● **Exercise instructions**
When you reach the line containing "Construction WIMA FKP 1 capacitors", start transcribing exactly and continue through the last line of the data, skipping every picture.

==========

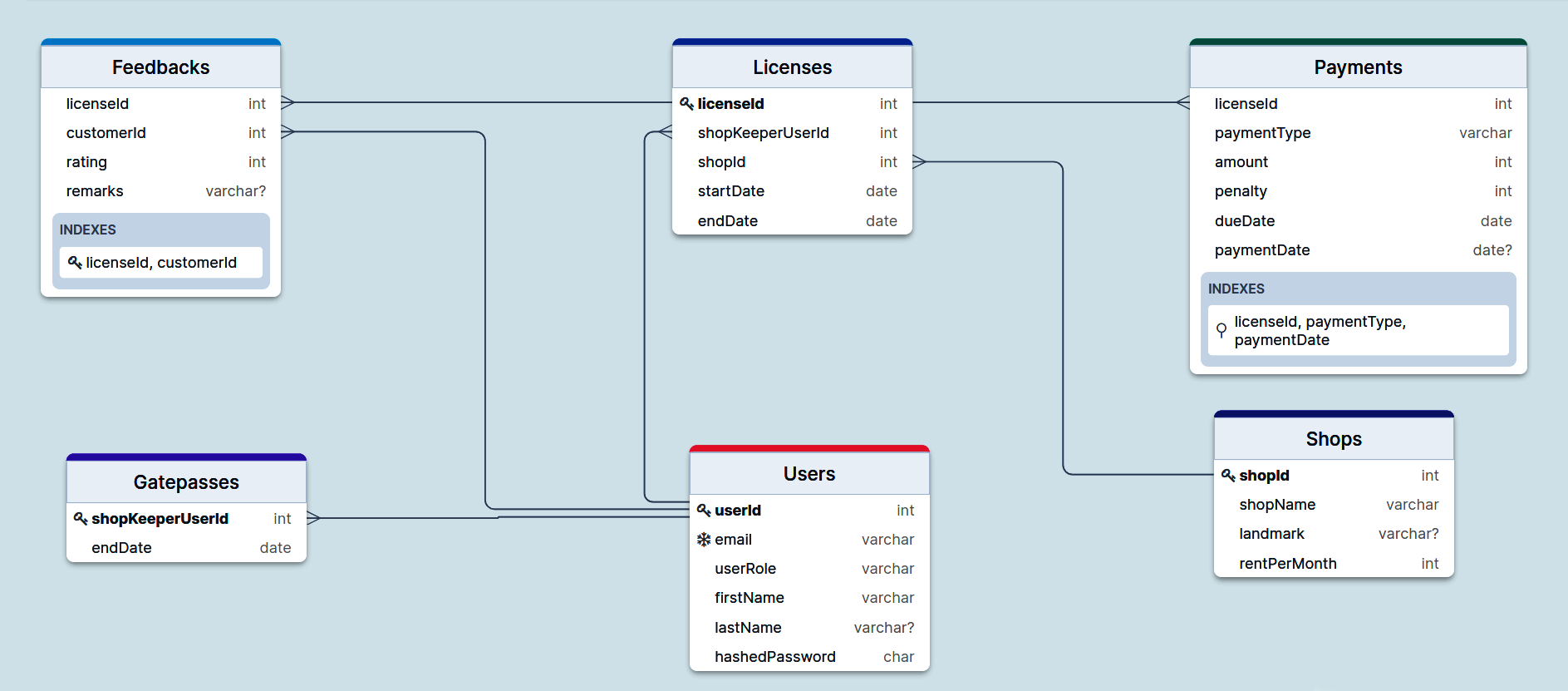 Relational Model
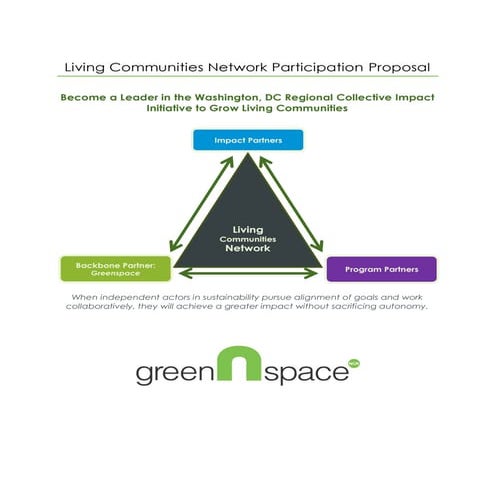 Living Communities Network Participation Proposal 2013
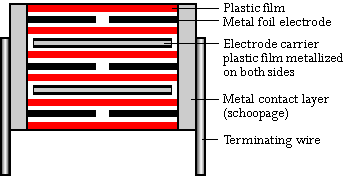 Construction WIMA FKP 1 capacitors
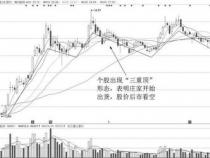 庄家的策略：砸盘的目的、成交量与股价表现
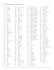 WTC Channels by Channel Number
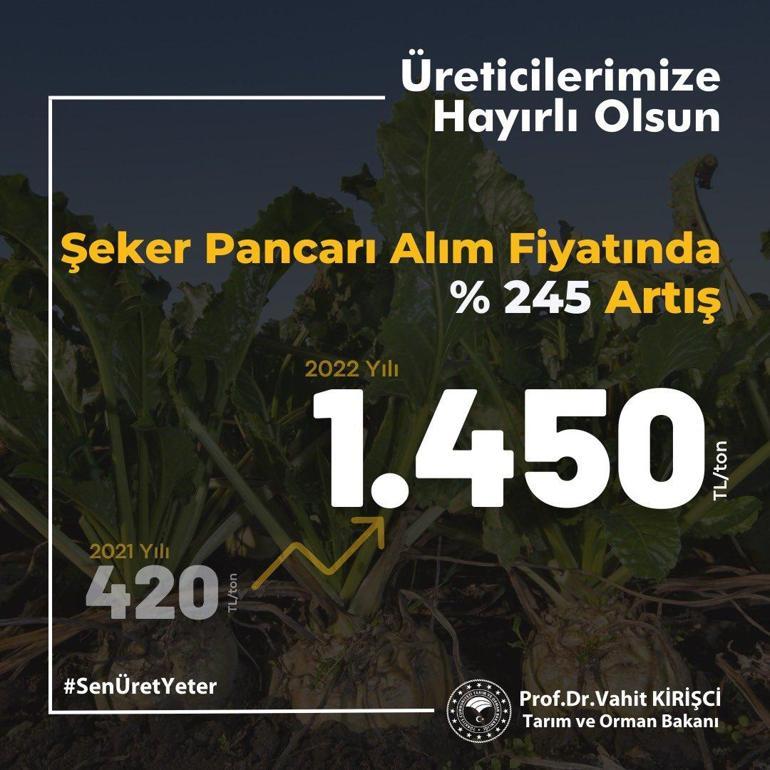 Bakan Kirişci şeker pancarı alım fiyatını açıkladı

==========

● **Output**
 Construction WIMA FKP 1 capacitors
 庄家的策略：砸盘的目的、成交量与股价表现
 WTC Channels by Channel Number
 Bakan Kirişci şeker pancarı alım fiyatını açıkladı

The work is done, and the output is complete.